Certainly, as offenders, our apologies provide an opportunity to restore what we have damaged:  "By apologizing, you take the shame of your offense and redirect it to yourself.  You admit to hurting or diminishing someone and, in effect, say that you are really the one who is diminished.  In acknowledging your shame you give the offended the power to forgive.  The exchange is at the heart of the healing process" (Lazare).   

Nonetheless, despite our role in providing healing for our victims, giving apologies has about as much to do with our own healing as it has to do with the victim's.  In some cases, we will know we have committed an offense and feel a sense of shame or guilt immediately.  In other cases, however, we must hear the pain our victim has experienced, to both understand the depth of their pain, and to re-evaluate our own self-image.  It is difficult to hear how our behaviour has caused pain for another individual.  Nonetheless, it is in hearing and repairing that pain that we are able to move forward ourselves.   A good apology will allow us to re-establish our own self esteem despite the offense we have committed.

Why do so many of us avoid making apologies?

For some people, a common reaction to conflict is to ignore that it even happened in the first place.  After all, if you don't draw attention to it, maybe no one noticed.  Our experience, however, suggests that if people have indeed been hurt by an exchange, they have not only noticed this exchange but they will also remember it for some time.  Moreover, they will bring this unresolved event into future interactions with this individual, allowing their own responses to be coloured by this earlier event.  Many conflicts that we see at Mediation Services began with simple mistakes that were ignored.  Over time, these smaller events have accumulated and developed into large and rather unwieldy conflicts over which the participants have lost control. 

To apologize following a conflict is particularly difficult given the level of vulnerablity involved.  Rather than understanding this vulnerability as a show of strength, we avoid giving an apology for fear of the weakness associated with  it.  The reality with conflict, however, is that although in the short run, it may be simpler to pretend that everything is okay, in the long run, avoidance destroys our relationships.  It is difficult to acknowledge our failures.  Rather than being an indicator of weakness, however, apologies are most often a show of strength.

Of course,  many conflicts arise from our own feeling of having first been wronged ourselves.  When we intentionally hurt others by speaking sharply, saying things that put others down, or doing something to irritate others it is often in a context of first feeling that we were wronged ourselves.  This can make it extremely difficult to apologize.  We struggle with separating our own response from the behaviour of the person we are in conflict with.   Nonetheless,  when we contribute to a conflict we choose to treat this individual badly and must take responsibility for this behaviour regardless of what this other individual has done.    

What makes an Apology Work?  

As a starting point, a good apology includes an expression of regret or remorse.  This statement can be as simple as saying "I'm sorry that I hurt you."   Dr.
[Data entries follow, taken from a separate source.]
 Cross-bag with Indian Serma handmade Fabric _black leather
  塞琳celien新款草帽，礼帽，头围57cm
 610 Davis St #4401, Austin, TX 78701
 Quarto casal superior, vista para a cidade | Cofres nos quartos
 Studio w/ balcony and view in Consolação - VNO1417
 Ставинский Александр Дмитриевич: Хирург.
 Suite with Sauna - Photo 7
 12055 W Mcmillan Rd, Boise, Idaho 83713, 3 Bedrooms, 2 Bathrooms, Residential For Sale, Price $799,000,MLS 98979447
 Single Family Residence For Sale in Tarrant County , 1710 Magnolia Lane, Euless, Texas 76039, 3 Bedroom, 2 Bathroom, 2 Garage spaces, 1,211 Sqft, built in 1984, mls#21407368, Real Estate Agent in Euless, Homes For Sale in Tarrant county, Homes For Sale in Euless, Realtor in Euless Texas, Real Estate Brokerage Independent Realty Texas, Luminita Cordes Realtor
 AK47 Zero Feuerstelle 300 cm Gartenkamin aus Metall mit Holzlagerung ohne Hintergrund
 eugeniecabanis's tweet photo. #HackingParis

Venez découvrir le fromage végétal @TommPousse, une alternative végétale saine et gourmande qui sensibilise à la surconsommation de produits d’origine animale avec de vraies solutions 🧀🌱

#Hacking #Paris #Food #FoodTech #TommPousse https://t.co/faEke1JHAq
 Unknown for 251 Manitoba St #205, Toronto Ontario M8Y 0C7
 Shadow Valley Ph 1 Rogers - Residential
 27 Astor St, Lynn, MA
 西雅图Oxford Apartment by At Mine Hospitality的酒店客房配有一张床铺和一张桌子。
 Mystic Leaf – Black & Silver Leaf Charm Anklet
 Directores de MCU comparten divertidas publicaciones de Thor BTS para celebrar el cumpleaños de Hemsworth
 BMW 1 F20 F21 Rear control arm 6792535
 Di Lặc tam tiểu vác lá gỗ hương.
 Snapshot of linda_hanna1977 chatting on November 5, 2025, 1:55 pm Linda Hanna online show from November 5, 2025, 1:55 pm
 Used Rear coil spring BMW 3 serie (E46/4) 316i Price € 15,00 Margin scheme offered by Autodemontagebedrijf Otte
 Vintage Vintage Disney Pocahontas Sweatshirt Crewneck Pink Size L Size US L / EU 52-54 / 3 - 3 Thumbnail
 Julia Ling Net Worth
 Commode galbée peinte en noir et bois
Aaron Lazare states, "A good apology also has to make you suffer.  You have to express genuine, soul-searching regret for your apology to be taken as sincere.  Unless you communicate guilt, anxiety, and shame, people are going to question the depth of your remorse.  The anxiety and sadness demonstrate that the potential loss of the relationship matters to you.  Guilt tells the offended person that you're distressed over hurting [them].  And shame communicates your disappointment with yourself over the incident."